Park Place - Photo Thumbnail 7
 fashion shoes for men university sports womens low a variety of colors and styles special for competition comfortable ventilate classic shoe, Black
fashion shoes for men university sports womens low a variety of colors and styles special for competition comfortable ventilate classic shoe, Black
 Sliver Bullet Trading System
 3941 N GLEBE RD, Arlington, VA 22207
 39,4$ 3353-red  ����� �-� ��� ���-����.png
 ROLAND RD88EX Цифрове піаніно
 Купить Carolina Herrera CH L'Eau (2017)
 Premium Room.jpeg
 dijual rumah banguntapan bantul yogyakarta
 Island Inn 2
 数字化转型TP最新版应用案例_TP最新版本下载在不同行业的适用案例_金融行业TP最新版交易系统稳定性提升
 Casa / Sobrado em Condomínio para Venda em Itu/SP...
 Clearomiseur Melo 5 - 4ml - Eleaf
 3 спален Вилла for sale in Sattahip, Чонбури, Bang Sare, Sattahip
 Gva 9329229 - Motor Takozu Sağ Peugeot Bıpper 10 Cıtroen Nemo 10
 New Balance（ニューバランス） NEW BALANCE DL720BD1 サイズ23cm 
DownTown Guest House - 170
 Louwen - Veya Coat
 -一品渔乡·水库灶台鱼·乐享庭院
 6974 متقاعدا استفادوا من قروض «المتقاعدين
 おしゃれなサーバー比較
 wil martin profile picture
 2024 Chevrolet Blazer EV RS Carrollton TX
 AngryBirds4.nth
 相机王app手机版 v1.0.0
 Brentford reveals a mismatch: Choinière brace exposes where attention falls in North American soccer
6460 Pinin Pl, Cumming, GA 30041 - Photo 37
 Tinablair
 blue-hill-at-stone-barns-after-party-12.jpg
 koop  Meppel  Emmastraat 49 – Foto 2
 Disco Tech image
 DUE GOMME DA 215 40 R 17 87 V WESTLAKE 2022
********
• Exercise aim:
For each line above that holds the string "university", provide a copy of that line.

• Reply to the task:
 fashion shoes for men university sports womens low a variety of colors and styles special for competition comfortable ventilate classic shoe, Black
fashion shoes for men university sports womens low a variety of colors and styles special for competition comfortable ventilate classic shoe, Black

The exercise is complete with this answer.